In early 2018, the country of Turkey released its ever so tightly kept population register, dating back to Ottoman times with ancestry records going back as far as 1882. Much to their surprise, the Turkish citizens found that the government emphasis on being a “pure Turk”, was not true. Many are now finding that their ancestry ranges from Kurdish descent, to western European. A lot of the Ottoman Armenian citizens were killed in forced deportation in 1915, thus destroying a lot of the gene pool in the process. For years, the Ottomans worked off the millet system, in which different racial/religious groups (Muslims, Catholics, Greek Orthodox, and Jews) could not interact and produce offspring with one another. This caused a giant drop in genetic diversity. To combat this, they put into effect a population exchange in 1923, having 1.2 million Greeks in Turkey, and 300,000 Turks in Greece causing an exchange in genes between the two countries when producing offspring.

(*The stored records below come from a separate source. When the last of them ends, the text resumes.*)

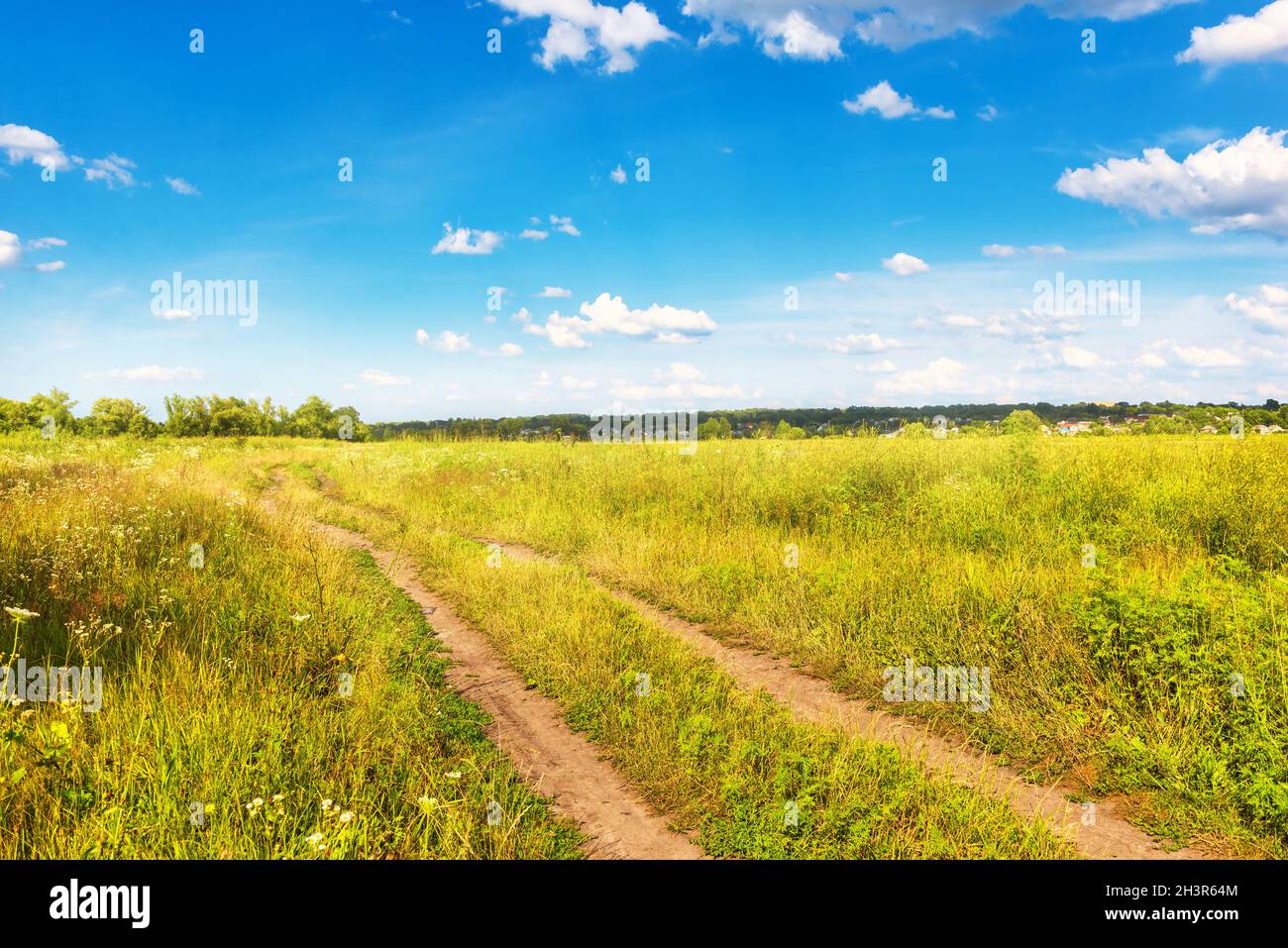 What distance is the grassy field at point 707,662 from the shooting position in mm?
3668

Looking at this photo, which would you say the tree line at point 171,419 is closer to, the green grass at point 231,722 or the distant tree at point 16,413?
the distant tree at point 16,413

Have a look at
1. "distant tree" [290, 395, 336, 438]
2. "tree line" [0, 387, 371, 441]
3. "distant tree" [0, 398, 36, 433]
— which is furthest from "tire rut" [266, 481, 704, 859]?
"distant tree" [290, 395, 336, 438]

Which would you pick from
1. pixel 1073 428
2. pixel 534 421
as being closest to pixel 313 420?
pixel 534 421

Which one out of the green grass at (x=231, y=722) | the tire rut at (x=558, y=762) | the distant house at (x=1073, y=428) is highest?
the distant house at (x=1073, y=428)

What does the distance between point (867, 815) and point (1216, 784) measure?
7.56ft

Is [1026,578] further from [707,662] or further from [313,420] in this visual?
[313,420]

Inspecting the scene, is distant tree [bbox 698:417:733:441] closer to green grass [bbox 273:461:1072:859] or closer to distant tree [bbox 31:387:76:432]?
green grass [bbox 273:461:1072:859]

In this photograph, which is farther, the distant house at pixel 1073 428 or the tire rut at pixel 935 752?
the distant house at pixel 1073 428

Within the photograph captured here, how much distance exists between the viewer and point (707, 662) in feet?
20.6

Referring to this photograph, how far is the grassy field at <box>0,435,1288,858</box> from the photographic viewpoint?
3668 mm


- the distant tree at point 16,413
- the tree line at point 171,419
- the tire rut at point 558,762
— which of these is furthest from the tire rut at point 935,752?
the distant tree at point 16,413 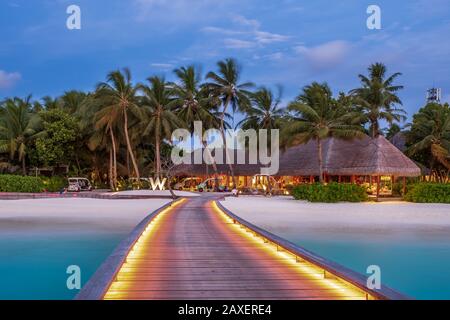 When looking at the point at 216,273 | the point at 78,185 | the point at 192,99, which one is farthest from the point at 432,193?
the point at 78,185

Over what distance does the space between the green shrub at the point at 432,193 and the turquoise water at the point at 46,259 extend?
59.9 feet

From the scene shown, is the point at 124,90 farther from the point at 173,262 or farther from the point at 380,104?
the point at 173,262

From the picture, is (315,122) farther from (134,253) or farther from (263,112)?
(134,253)

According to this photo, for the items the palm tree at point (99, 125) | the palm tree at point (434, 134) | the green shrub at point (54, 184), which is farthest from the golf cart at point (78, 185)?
the palm tree at point (434, 134)

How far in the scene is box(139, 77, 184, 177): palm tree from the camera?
34.5 meters

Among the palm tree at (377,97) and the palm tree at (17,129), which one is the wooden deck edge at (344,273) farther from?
the palm tree at (17,129)

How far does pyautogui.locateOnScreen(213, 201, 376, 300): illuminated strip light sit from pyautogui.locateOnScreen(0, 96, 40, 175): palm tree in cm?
3069

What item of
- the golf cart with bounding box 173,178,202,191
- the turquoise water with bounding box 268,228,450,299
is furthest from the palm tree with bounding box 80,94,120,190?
the turquoise water with bounding box 268,228,450,299

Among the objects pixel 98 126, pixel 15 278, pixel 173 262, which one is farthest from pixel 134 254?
pixel 98 126

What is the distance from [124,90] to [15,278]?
27.0 metres

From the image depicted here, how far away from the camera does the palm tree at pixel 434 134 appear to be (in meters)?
34.7

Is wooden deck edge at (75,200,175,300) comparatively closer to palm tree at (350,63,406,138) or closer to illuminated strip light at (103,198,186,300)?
illuminated strip light at (103,198,186,300)

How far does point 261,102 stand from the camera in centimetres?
3741
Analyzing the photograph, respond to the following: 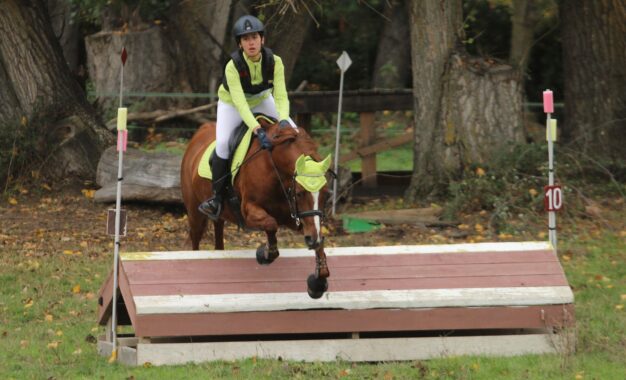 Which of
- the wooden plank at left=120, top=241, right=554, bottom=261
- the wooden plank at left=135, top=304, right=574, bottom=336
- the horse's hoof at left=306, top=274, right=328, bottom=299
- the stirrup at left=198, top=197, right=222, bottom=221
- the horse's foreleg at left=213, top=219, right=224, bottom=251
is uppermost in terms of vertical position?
the stirrup at left=198, top=197, right=222, bottom=221

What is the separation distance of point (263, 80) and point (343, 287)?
1943 mm

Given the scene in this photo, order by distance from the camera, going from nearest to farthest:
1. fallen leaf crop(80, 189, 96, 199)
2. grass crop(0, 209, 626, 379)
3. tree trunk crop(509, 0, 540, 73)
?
grass crop(0, 209, 626, 379)
fallen leaf crop(80, 189, 96, 199)
tree trunk crop(509, 0, 540, 73)

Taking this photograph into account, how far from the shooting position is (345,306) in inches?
296

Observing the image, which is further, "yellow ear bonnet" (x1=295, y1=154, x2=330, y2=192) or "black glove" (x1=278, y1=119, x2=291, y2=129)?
"black glove" (x1=278, y1=119, x2=291, y2=129)

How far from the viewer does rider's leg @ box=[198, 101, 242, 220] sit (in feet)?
29.1

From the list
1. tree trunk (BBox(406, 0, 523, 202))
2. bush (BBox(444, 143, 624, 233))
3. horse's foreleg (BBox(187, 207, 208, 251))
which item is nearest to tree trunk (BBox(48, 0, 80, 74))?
tree trunk (BBox(406, 0, 523, 202))

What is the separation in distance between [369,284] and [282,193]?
3.27 feet

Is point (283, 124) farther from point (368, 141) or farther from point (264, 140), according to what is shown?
point (368, 141)

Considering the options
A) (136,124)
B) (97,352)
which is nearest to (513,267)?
(97,352)

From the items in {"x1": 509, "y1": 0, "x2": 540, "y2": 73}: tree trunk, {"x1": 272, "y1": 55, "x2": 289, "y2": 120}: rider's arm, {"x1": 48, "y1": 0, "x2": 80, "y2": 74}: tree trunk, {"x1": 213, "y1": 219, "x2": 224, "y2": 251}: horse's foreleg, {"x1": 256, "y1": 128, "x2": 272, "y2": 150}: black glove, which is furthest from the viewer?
{"x1": 48, "y1": 0, "x2": 80, "y2": 74}: tree trunk

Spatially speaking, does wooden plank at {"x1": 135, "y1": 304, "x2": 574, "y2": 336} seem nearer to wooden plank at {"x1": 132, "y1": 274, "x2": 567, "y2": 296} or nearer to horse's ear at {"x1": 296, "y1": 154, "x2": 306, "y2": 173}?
wooden plank at {"x1": 132, "y1": 274, "x2": 567, "y2": 296}

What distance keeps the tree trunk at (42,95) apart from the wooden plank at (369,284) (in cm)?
877

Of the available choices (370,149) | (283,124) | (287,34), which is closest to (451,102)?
(370,149)

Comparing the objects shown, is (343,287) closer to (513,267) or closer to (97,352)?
(513,267) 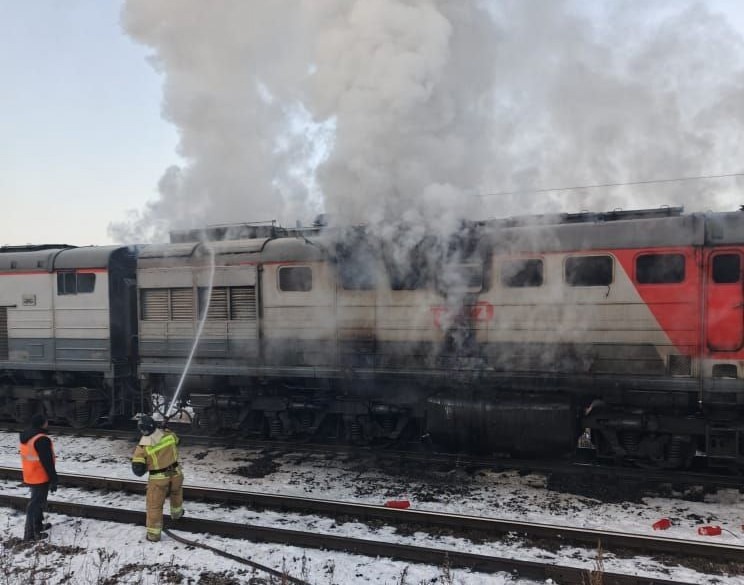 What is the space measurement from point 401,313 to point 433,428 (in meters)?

By releasing this information and making it public, the Turkish government has ended that prior thought that the Turkish ancestry was “pure”. These public articles are not to remind the Turks that their ancestry is not pure and that their lineage is also not pure, but to remind them to embrace their new profound culture and have pride in their newly discovered gene pool that they might have.
This article was a good read. It shows how life is not as always as it seems. In the case of the Turks, it’s a good example of genetic drift and cultural diversity in how different people from different cultures interconnect to produce offspring with a high genetic diversity.